Work request
Set down each record below exactly as it stands. Pictures are not part of the copy.

Input data
+-------+

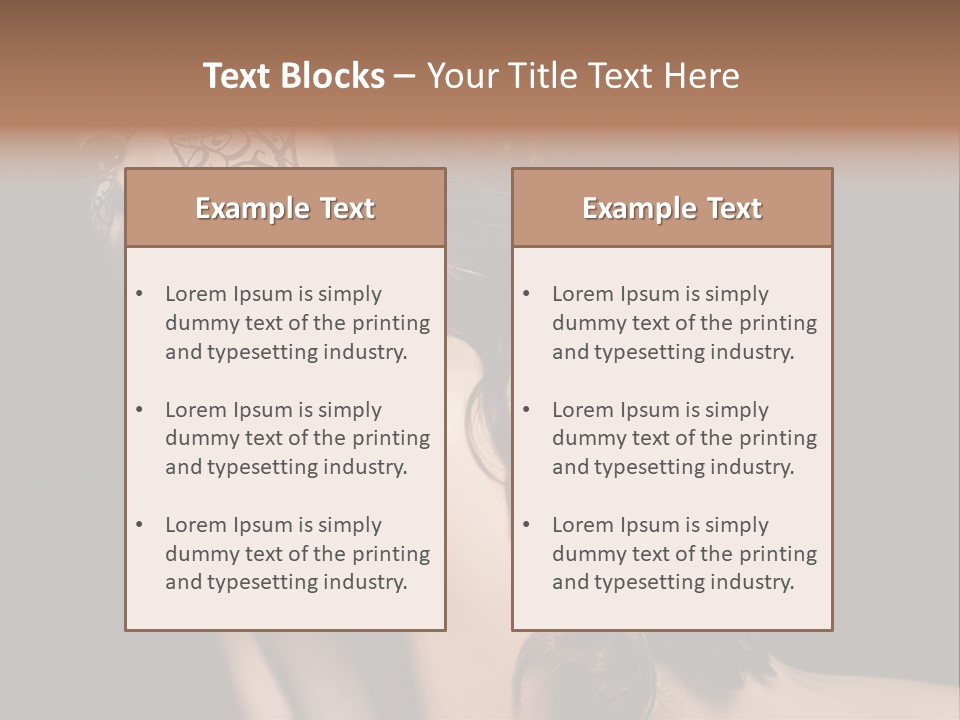 Show Portrait Eye PowerPoint Template
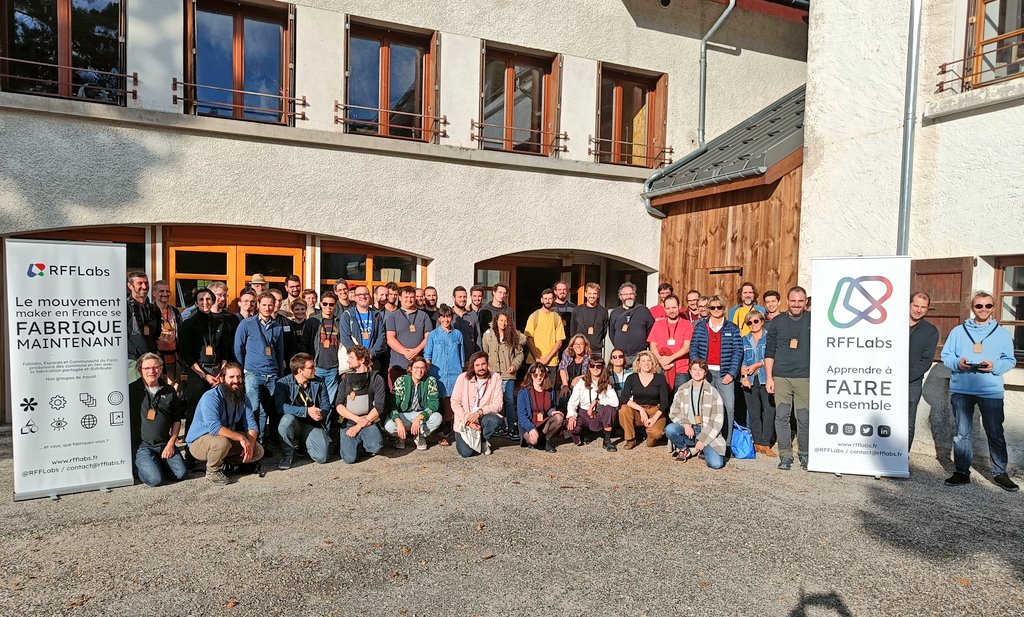 4 jours d'#OctoberMake 2022 ou le
Chassé Croisé de la communauté <a href="/RFFLabs/">RFFLabs</a> dans le Vercors

+100 participant.e.s de toute la France se sont retrouvés à Méaudre <a href="/CDIsere/">Isère</a>. 🏞️

Merci encore à toutes et à tous!

Vivement #OctoberMake 2023... on en reparle bientôt!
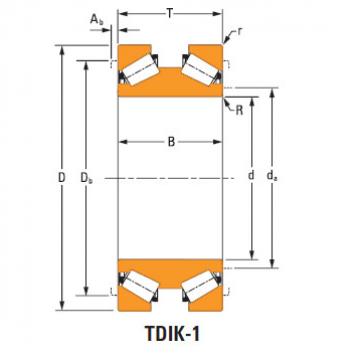 tdik thrust tapered roller bearings lm765148dw lm765111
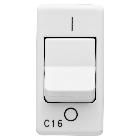 INTERRUT.AUT.MAGN.1P C16 3KA 230V SY/WT - GEWISS GW20433 - GEWISS GW20433 - GEWISS GW20433 product photo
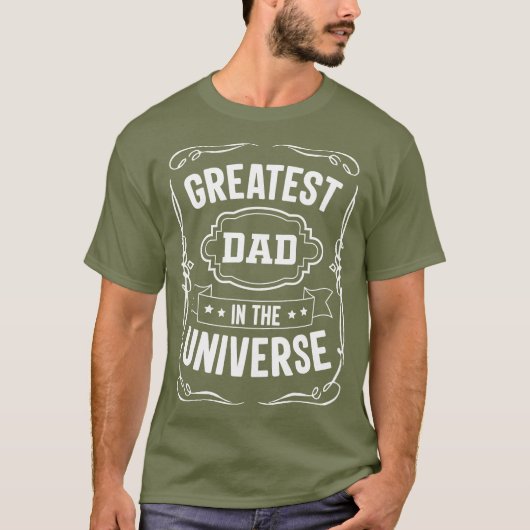 Groot pap in het universum t-shirt (Voorkant)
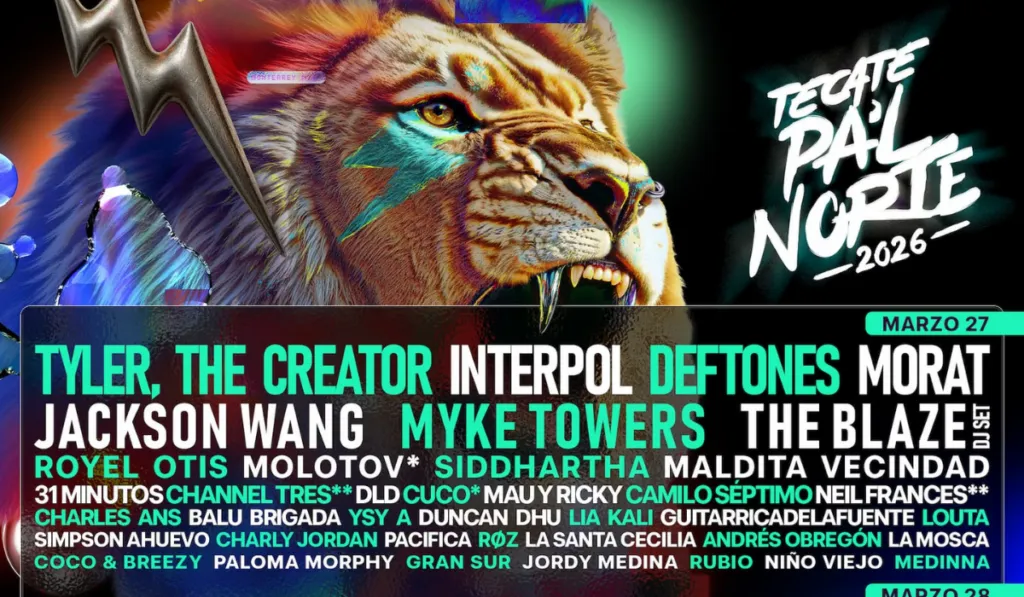 Tecate Pa’l Norte 2026: ya están los horarios y así puedes armar tu ruta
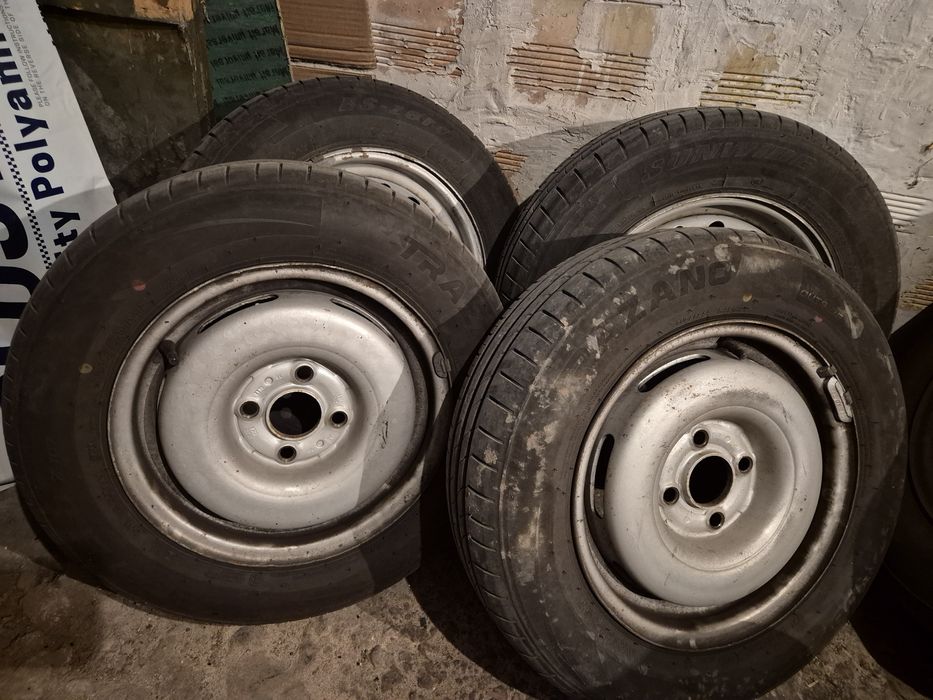 Летни гуми с джанти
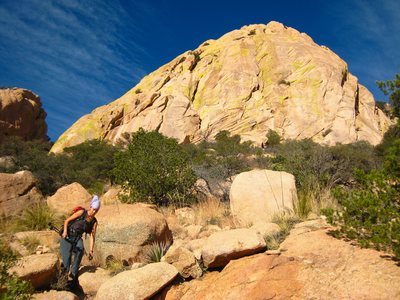 Descending from the Sheepshead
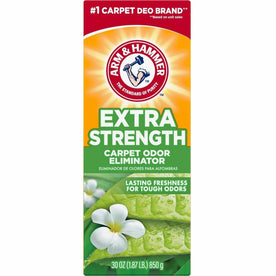 Arm & Hammer Extra-Strength Carpet Odor Eliminator - For - Recommended For: Remover - Deodorize - White - 6 / Carton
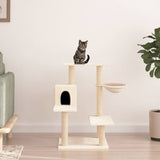 vidaXL Cat Tree with Sisal Scratching Posts 82.5 cm Cream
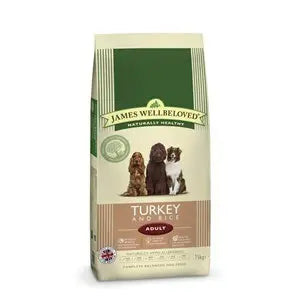 James Wellbeloved Dog Adult Turkey & Rice - Various Sizes - SEPTEMBER SPECIAL OFFER - 11% OFF - Chestnut Mill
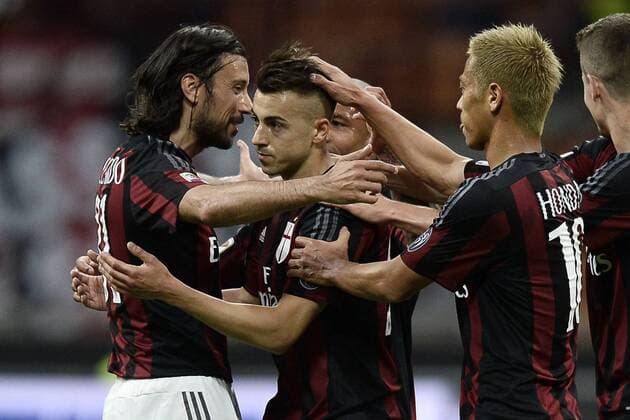 Aktuell Fußball, Italien, serie A Football ITA , AC Mailand - FC Turin 24 05 2015 - serie A Football ITA AC Milan vs Torino FC foto DanielexBuffa Image Pictured: gol Stephan El Shaarawy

+-------+

Task result
 Show Portrait Eye PowerPoint Template
 4 jours d'#OctoberMake 2022 ou le
Chassé Croisé de la communauté <a href="/RFFLabs/">RFFLabs</a> dans le Vercors

+100 participant.e.s de toute la France se sont retrouvés à Méaudre <a href="/CDIsere/">Isère</a>. 🏞️

Merci encore à toutes et à tous!

Vivement #OctoberMake 2023... on en reparle bientôt!
 tdik thrust tapered roller bearings lm765148dw lm765111
 INTERRUT.AUT.MAGN.1P C16 3KA 230V SY/WT - GEWISS GW20433 - GEWISS GW20433 - GEWISS GW20433 product photo
 Groot pap in het universum t-shirt (Voorkant)
 Tecate Pa’l Norte 2026: ya están los horarios y así puedes armar tu ruta
 Летни гуми с джанти
 Descending from the Sheepshead
 Arm & Hammer Extra-Strength Carpet Odor Eliminator - For - Recommended For: Remover - Deodorize - White - 6 / Carton
 vidaXL Cat Tree with Sisal Scratching Posts 82.5 cm Cream
 James Wellbeloved Dog Adult Turkey & Rice - Various Sizes - SEPTEMBER SPECIAL OFFER - 11% OFF - Chestnut Mill
 Aktuell Fußball, Italien, serie A Football ITA , AC Mailand - FC Turin 24 05 2015 - serie A Football ITA AC Milan vs Torino FC foto DanielexBuffa Image Pictured: gol Stephan El Shaarawy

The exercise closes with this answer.